| THE TASK |
Each record is to be copied exactly as written.

────────────────────────────────────────

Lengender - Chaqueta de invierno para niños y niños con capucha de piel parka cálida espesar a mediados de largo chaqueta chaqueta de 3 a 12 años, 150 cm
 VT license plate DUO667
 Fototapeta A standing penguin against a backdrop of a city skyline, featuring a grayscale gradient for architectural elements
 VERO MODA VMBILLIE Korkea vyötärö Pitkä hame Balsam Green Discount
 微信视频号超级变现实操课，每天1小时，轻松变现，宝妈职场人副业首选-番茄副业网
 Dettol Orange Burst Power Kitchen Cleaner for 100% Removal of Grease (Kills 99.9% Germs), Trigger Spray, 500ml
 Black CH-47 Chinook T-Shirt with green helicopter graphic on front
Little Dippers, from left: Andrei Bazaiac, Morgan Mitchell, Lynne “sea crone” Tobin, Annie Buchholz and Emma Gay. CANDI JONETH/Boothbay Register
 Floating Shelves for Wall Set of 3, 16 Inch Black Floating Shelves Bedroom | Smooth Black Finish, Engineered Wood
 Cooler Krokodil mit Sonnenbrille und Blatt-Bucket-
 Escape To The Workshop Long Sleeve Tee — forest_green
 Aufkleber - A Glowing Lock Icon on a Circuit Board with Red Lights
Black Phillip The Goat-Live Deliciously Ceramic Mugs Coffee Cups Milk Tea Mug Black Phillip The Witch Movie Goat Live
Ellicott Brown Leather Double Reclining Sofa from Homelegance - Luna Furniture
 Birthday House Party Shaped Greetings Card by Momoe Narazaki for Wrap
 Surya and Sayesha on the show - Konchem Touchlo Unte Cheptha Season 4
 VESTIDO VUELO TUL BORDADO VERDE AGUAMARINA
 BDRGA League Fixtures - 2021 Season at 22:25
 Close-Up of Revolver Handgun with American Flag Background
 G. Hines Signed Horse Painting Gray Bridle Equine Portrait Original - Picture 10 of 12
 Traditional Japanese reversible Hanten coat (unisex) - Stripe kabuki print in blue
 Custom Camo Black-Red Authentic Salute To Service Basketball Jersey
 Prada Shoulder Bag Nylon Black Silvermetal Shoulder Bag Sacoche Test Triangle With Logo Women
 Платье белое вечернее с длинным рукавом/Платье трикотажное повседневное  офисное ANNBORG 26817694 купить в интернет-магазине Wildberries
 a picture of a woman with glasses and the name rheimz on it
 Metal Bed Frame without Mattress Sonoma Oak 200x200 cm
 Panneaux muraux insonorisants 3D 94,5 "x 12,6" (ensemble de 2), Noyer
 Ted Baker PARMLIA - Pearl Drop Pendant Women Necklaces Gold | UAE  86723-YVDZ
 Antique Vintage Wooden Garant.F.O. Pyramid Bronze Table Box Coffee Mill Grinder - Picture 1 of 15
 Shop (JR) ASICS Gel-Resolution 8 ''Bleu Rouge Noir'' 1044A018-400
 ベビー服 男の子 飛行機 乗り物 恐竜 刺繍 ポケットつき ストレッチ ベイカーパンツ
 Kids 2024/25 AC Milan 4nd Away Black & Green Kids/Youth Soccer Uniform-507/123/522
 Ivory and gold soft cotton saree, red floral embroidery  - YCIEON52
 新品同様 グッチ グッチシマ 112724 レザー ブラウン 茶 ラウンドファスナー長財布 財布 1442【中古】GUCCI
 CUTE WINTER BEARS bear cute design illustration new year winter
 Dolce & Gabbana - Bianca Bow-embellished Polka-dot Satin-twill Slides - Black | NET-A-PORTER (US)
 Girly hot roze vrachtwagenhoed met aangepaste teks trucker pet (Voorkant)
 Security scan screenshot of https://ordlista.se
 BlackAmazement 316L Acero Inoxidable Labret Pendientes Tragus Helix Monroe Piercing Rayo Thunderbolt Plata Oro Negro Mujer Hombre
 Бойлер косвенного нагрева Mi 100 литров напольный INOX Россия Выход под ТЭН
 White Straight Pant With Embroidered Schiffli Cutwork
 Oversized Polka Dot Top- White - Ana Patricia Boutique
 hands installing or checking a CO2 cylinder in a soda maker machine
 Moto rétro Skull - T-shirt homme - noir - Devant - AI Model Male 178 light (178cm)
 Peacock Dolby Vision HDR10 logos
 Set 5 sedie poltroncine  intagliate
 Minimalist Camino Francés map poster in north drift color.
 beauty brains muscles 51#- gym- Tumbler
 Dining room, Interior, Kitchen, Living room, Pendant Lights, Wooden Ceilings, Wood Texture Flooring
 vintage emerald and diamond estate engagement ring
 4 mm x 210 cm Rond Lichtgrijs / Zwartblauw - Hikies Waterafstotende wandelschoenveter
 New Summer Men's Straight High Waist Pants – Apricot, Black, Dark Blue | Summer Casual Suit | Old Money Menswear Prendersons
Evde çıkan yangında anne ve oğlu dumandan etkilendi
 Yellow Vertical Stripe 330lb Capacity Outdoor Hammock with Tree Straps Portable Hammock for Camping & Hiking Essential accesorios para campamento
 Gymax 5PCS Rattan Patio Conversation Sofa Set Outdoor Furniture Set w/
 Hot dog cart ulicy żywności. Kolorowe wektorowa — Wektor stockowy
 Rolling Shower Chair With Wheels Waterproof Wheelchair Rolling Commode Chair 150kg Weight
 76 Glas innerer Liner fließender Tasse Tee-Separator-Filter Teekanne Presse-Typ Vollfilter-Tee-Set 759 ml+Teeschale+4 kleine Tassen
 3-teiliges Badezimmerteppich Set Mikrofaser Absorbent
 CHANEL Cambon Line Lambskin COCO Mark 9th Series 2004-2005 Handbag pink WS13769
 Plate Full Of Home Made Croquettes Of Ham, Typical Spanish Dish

────────────────────────────────────────

| ANSWER TO THE PROBLEM |
Lengender - Chaqueta de invierno para niños y niños con capucha de piel parka cálida espesar a mediados de largo chaqueta chaqueta de 3 a 12 años, 150 cm
 VT license plate DUO667
 Fototapeta A standing penguin against a backdrop of a city skyline, featuring a grayscale gradient for architectural elements
 VERO MODA VMBILLIE Korkea vyötärö Pitkä hame Balsam Green Discount
 微信视频号超级变现实操课，每天1小时，轻松变现，宝妈职场人副业首选-番茄副业网
 Dettol Orange Burst Power Kitchen Cleaner for 100% Removal of Grease (Kills 99.9% Germs), Trigger Spray, 500ml
 Black CH-47 Chinook T-Shirt with green helicopter graphic on front
Little Dippers, from left: Andrei Bazaiac, Morgan Mitchell, Lynne “sea crone” Tobin, Annie Buchholz and Emma Gay. CANDI JONETH/Boothbay Register
 Floating Shelves for Wall Set of 3, 16 Inch Black Floating Shelves Bedroom | Smooth Black Finish, Engineered Wood
 Cooler Krokodil mit Sonnenbrille und Blatt-Bucket-
 Escape To The Workshop Long Sleeve Tee — forest_green
 Aufkleber - A Glowing Lock Icon on a Circuit Board with Red Lights
Black Phillip The Goat-Live Deliciously Ceramic Mugs Coffee Cups Milk Tea Mug Black Phillip The Witch Movie Goat Live
Ellicott Brown Leather Double Reclining Sofa from Homelegance - Luna Furniture
 Birthday House Party Shaped Greetings Card by Momoe Narazaki for Wrap
 Surya and Sayesha on the show - Konchem Touchlo Unte Cheptha Season 4
 VESTIDO VUELO TUL BORDADO VERDE AGUAMARINA
 BDRGA League Fixtures - 2021 Season at 22:25
 Close-Up of Revolver Handgun with American Flag Background
 G. Hines Signed Horse Painting Gray Bridle Equine Portrait Original - Picture 10 of 12
 Traditional Japanese reversible Hanten coat (unisex) - Stripe kabuki print in blue
 Custom Camo Black-Red Authentic Salute To Service Basketball Jersey
 Prada Shoulder Bag Nylon Black Silvermetal Shoulder Bag Sacoche Test Triangle With Logo Women
 Платье белое вечернее с длинным рукавом/Платье трикотажное повседневное  офисное ANNBORG 26817694 купить в интернет-магазине Wildberries
 a picture of a woman with glasses and the name rheimz on it
 Metal Bed Frame without Mattress Sonoma Oak 200x200 cm
 Panneaux muraux insonorisants 3D 94,5 "x 12,6" (ensemble de 2), Noyer
 Ted Baker PARMLIA - Pearl Drop Pendant Women Necklaces Gold | UAE  86723-YVDZ
 Antique Vintage Wooden Garant.F.O. Pyramid Bronze Table Box Coffee Mill Grinder - Picture 1 of 15
 Shop (JR) ASICS Gel-Resolution 8 ''Bleu Rouge Noir'' 1044A018-400
 ベビー服 男の子 飛行機 乗り物 恐竜 刺繍 ポケットつき ストレッチ ベイカーパンツ
 Kids 2024/25 AC Milan 4nd Away Black & Green Kids/Youth Soccer Uniform-507/123/522
 Ivory and gold soft cotton saree, red floral embroidery  - YCIEON52
 新品同様 グッチ グッチシマ 112724 レザー ブラウン 茶 ラウンドファスナー長財布 財布 1442【中古】GUCCI
 CUTE WINTER BEARS bear cute design illustration new year winter
 Dolce & Gabbana - Bianca Bow-embellished Polka-dot Satin-twill Slides - Black | NET-A-PORTER (US)
 Girly hot roze vrachtwagenhoed met aangepaste teks trucker pet (Voorkant)
 Security scan screenshot of https://ordlista.se
 BlackAmazement 316L Acero Inoxidable Labret Pendientes Tragus Helix Monroe Piercing Rayo Thunderbolt Plata Oro Negro Mujer Hombre
 Бойлер косвенного нагрева Mi 100 литров напольный INOX Россия Выход под ТЭН
 White Straight Pant With Embroidered Schiffli Cutwork
 Oversized Polka Dot Top- White - Ana Patricia Boutique
 hands installing or checking a CO2 cylinder in a soda maker machine
 Moto rétro Skull - T-shirt homme - noir - Devant - AI Model Male 178 light (178cm)
 Peacock Dolby Vision HDR10 logos
 Set 5 sedie poltroncine  intagliate
 Minimalist Camino Francés map poster in north drift color.
 beauty brains muscles 51#- gym- Tumbler
 Dining room, Interior, Kitchen, Living room, Pendant Lights, Wooden Ceilings, Wood Texture Flooring
 vintage emerald and diamond estate engagement ring
 4 mm x 210 cm Rond Lichtgrijs / Zwartblauw - Hikies Waterafstotende wandelschoenveter
 New Summer Men's Straight High Waist Pants – Apricot, Black, Dark Blue | Summer Casual Suit | Old Money Menswear Prendersons
Evde çıkan yangında anne ve oğlu dumandan etkilendi
 Yellow Vertical Stripe 330lb Capacity Outdoor Hammock with Tree Straps Portable Hammock for Camping & Hiking Essential accesorios para campamento
 Gymax 5PCS Rattan Patio Conversation Sofa Set Outdoor Furniture Set w/
 Hot dog cart ulicy żywności. Kolorowe wektorowa — Wektor stockowy
 Rolling Shower Chair With Wheels Waterproof Wheelchair Rolling Commode Chair 150kg Weight
 76 Glas innerer Liner fließender Tasse Tee-Separator-Filter Teekanne Presse-Typ Vollfilter-Tee-Set 759 ml+Teeschale+4 kleine Tassen
 3-teiliges Badezimmerteppich Set Mikrofaser Absorbent
 CHANEL Cambon Line Lambskin COCO Mark 9th Series 2004-2005 Handbag pink WS13769
 Plate Full Of Home Made Croquettes Of Ham, Typical Spanish Dish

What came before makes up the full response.